Democrats realize by now that Mitch McConnell won’t bluff when it comes to judicial nominations, right? After having at least two nominations to the appellate court blocked by the “blue slip” process — which started as a courtesy to home-state Senators — McConnell tells the New York Times that he’s had enough of minority obstruction:
Though the Senate has virtually eliminated the ability of the minority party to block appointments to the bench from the Supreme Court on down, individual senators can still thwart nominees from their home states by refusing to sign off on a form popularly known for its color — the blue slip.
Pause a moment here. “The Senate” didn’t do this on its own; Harry Reid did it in 2013 by forcing an end to the filibuster on presidential appointments and undermining the normal rule-making process. The exception was for Supreme Court nominations, which McConnell eliminated through the same process. Reid conducted that rule change to allow Barack Obama to stack the DC Circuit Court of Appeals. (To be fair, Carl Hulse notes this history later in this article.)
Now, with some Democrats refusing to consent as the Trump administration moves to fill scores of judicial vacancies, Senator Mitch McConnell, the Kentucky Republican and majority leader, is for the first time publicly advocating that the blue slip be made strictly advisory when it comes to appeals court nominees — the most powerful judges after those on the Supreme Court.

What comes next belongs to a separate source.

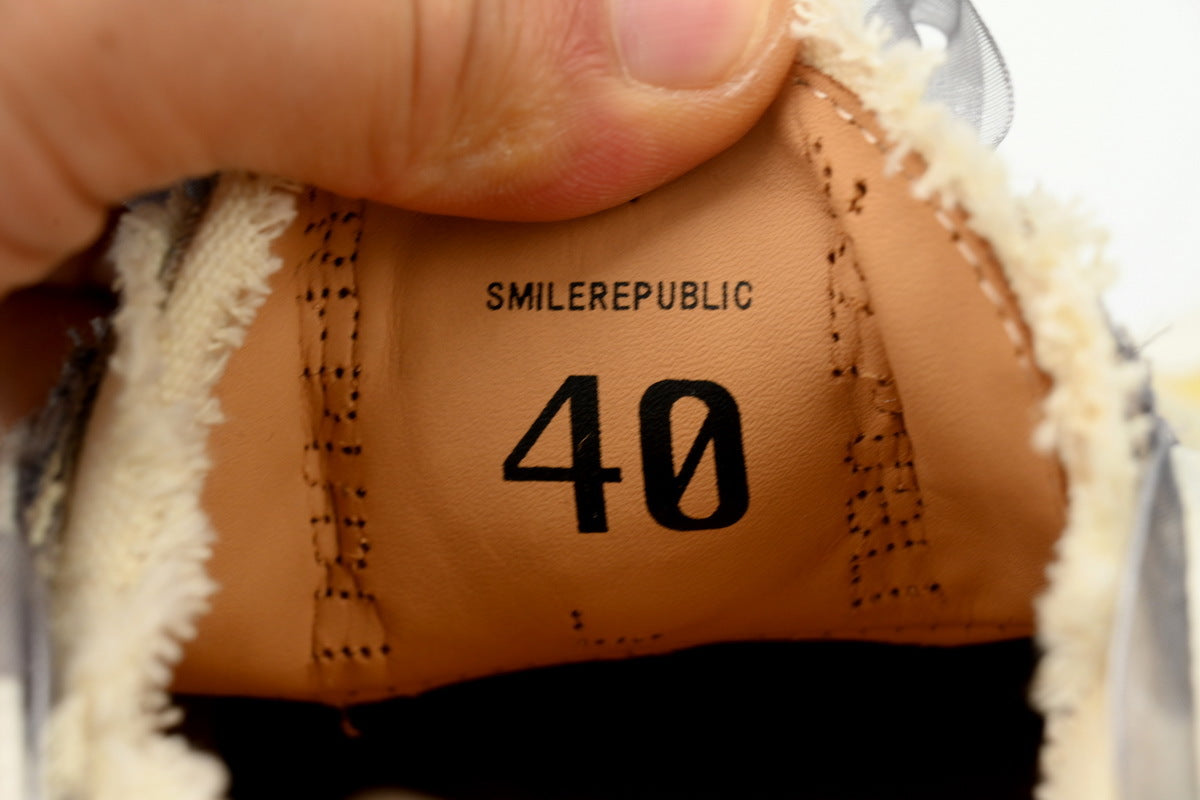 Smilerepublic Silver Frost Canvas Cap-Toe Sneakers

“My personal view is that the blue slip, with regard to circuit court appointments, ought to simply be a notification of how you’re going to vote, not the opportunity to blackball,” Mr. McConnell said in an interview with The New York Times for “The New Washington” podcast. He said he favored retaining the blue slip authority for lower-level district court judges.
Chuck Schumer, who cheered on Reid in 2013, suddenly wants to keep minority protections in place for appellate-court nominations:
“Getting rid of the blue slip would be a mistake,” Mr. Schumer said in an interview. He said he would argue to Mr. McConnell and Senator Charles E. Grassley of Iowa, the Republican chairman of the Judiciary Committee, that since majority control of the Senate has been in flux in recent years, members of both parties should remember that they could find themselves back in the minority.
“Preserving some of the minority’s power in the Senate has broad support because every one of us knows we’re probably going to be in some of each,” Mr. Schumer said.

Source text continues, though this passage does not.